The complaint was dismissed on the ground that in this action to recover for personal injuries claimed to have been caused by the negligence of the defendant’s chauffeur, the chauffeur had departed from his master’s business. The testimony of defendant’s ■ witnesses showed that the chauffeur went on duty about five o’clock in the morning; that he had breakfasted at eleven o’clock and that about three-fifteen in the afternoon he was instructed to make four deliveries of merchandise at points, the most southerly of which was Fourteenth street. After making this delivery he determined to go to his home for lunch and went out of his way in a southerly direction seventeen city blocks; while on this detour the accident occurred. The trial court held that as a matter of law the defendant was not liable.
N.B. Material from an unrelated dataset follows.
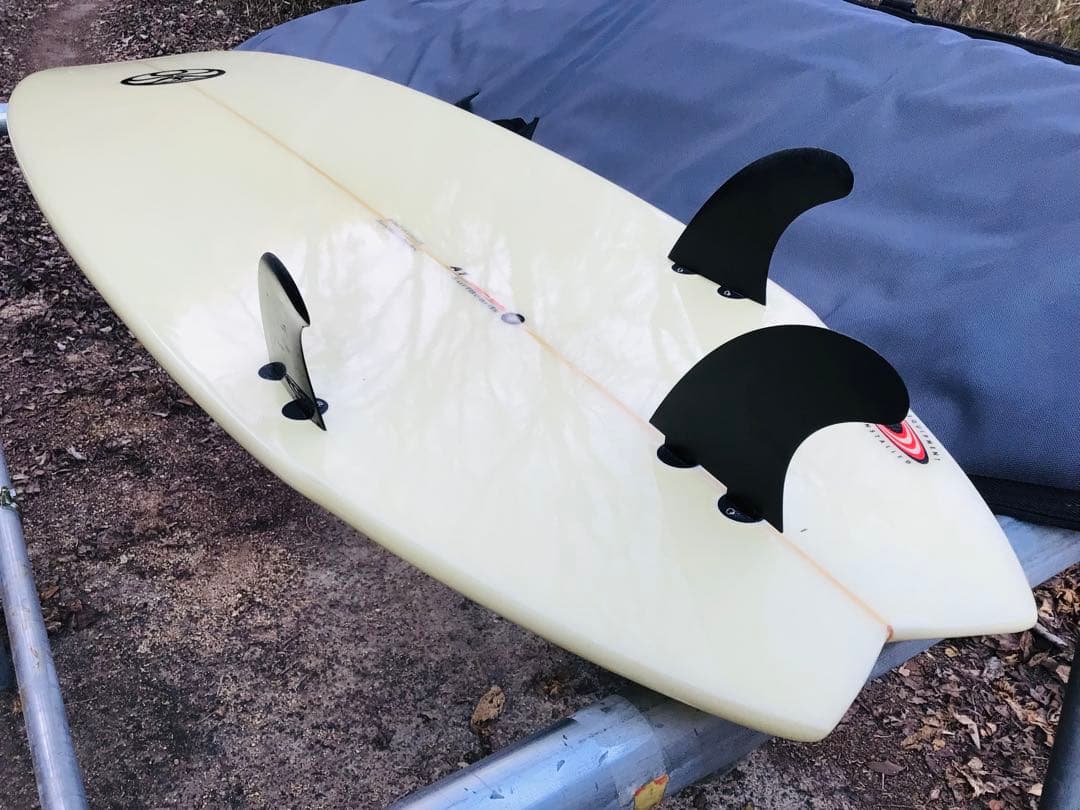 A1サーフボード製  Tsaiカスタムシェイプ 6ft ケース付 美品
As is stated by Mr. Justice Davis in Bryan v. Bunis (208 App. Div. 389, 390): “ Since 1834 when Baron Parke, in discussing the liability of a master, made a distinction between a frolic ’ and a detour ’ in the case of Joel v. Morison (6 C. & P. 501), the question as to just what constitutes a ‘ frolic ’ and what a 1 detour ’ has been a perplexing one. * * * In the one case the master is not liable for his servant’s misconduct. In the other, the doctrine of respondeat superior is applied.”

The lines of demarcation are indicated by a comparison of Bryan v. Bunis (208 App. Div. 389) with Perlmutter v. Byrne (193 id. 769). In the former case the master was held liable where the chauffeur had deviated half a mile from his direct route in order to stop for a noonday meal. Mr. Justice Davis said (p. 391): “ * * * when his employer took him from the shop at the noon hour and after his immediate errand was performed, directed him to return, it was within his contemplation that the ambit of the chauffeur’s duty would not require him to be back at the shop until one o’clock, and that in the meantime at some place, presumptively his home, he would obtain his midday meal. His employment was not changed, at least as a matter of law, by going to his home on this errand. (Pallocco v. Lehigh Valley R. R. Co., 236 N. Y. 110.) To go at the usual time for a meal * * * and to his home * * * are incidents of employment.”

In the Perlmutter case the master was held not to be liable where the chauffeur drove for a mile to his home for the purpose of telling his wife that he would be out late.

In the present case the defendant’s business was the selling of game and similar provisions to hotels and other consumers. The chauffeur was called upon to begin work very early in the day and the hours of the actual deliveries to be made by him consumed the entire day. That he went to lunch at a somewhat unusual hour does not under these conditions indicate that as a matter of law his stopping for lunch was not within the contemplation of the employment. To go seventeen blocks in an automobile in the city of New York is a detour requiring not over ten or fifteen minutes of time.

As is stated by Judge Andrews in Riley v. Standard Oil Co. (231 N. Y. 301, 304): No formula can be stated that will enable us to‘solve the problem whether at a particular moment a particular servant is engaged in his master’s business. * * * Considering the short distance and the little time involved, considering that the truck when it left the yards was loaded with the defendant’s goods for delivery to its mill and that it was the general purpose«of Million to return there it is quite possible a question of fact would be presented to be decided by a jury.”

There are some aspects of the testimony which throw doubt upon the correctness of the defendant’s version of the facts which has been assumed herein. It was for the jury to pass both upon the correctness of this version and upon the further question whether the deviation, if it occurred, was so material as to constitute a frolic rather than a detour.

Judgment reversed and new trial ordered, with costs to the appellant to abide the event.

All concur; present, Guy, McCook and Proskauer, JJ.